Pete Seeger and Czech Bluegrass

Photo © Ruth Ellen Gruber

I’ve written  about this before, but, with Pete Seeger’s death on Monday at the age of 94, I wrote a little piece for Tablet Magazine on the impact of Seeger’s 1964 concerts in communist Czechoslovakia on the development of the Czech bluegrass scene — the Czech Republic probably boasts more banjo-players and bluegrass bands per capita than any other country — the new documentary film Banjo Romantika, in which I appear as a “talking head,” goes into this phenomenon.
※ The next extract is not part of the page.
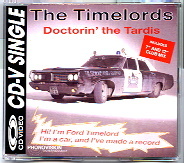 KLF / The Timelords - Doctorin' The Tardis (CD Video)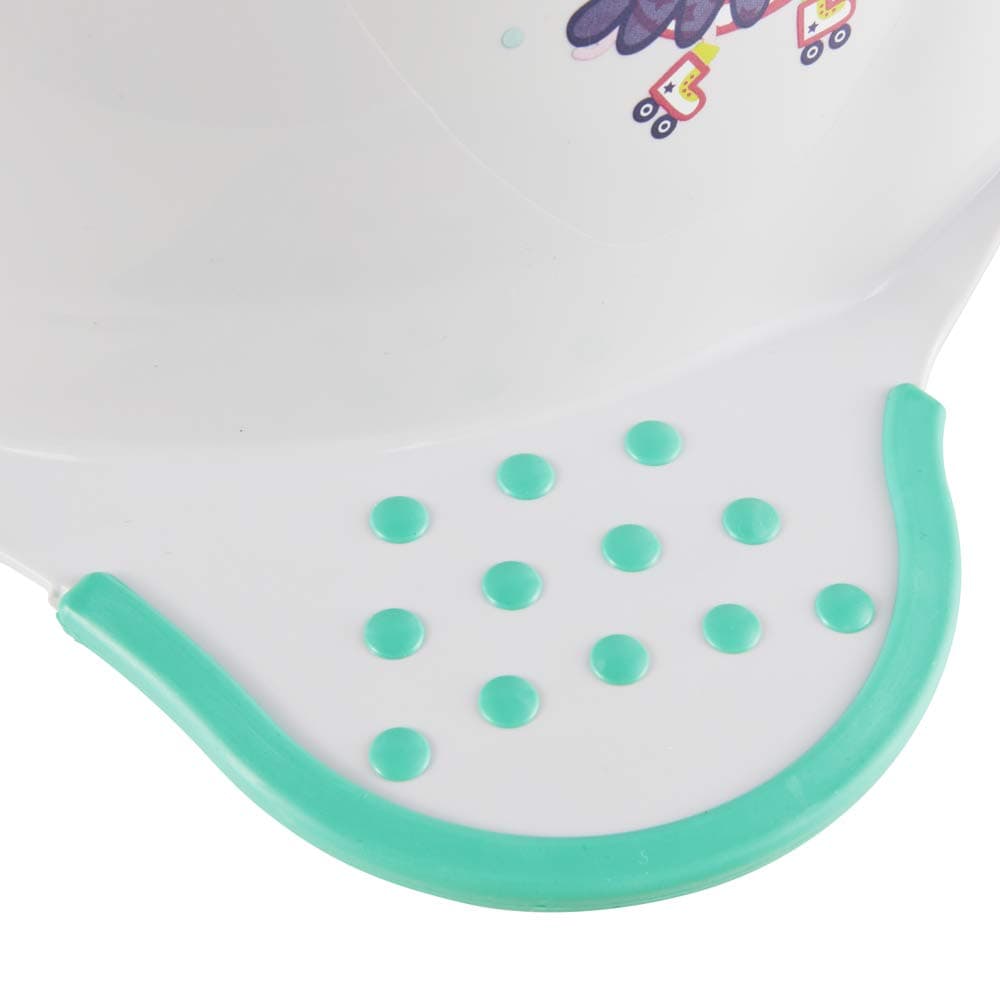 keeeper Peppa Pig Baby Potty, From 18 Months Up to 3 Years, Anti-Slip Rubber Feet, Adam, Grey — view 5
My Tablet piece was pegged not just to Seeger’s death, but to the fact that over the weekend I took part in the launch of a new CD by the Czech bluegrass-fusion band The Malina Brothers — banjoist Lubos, guitarist Pavel, fiddler Pepa and non-brother bassist Pavel Peroutka, all of whom are veterans of the scene and play in other major groups. Lubos, Pavel and Pepa visited me in Italy last year and gave a house concert to enthralled neighbors.

Back in September, I helped out in the studio in Prague with the band’s English language singing.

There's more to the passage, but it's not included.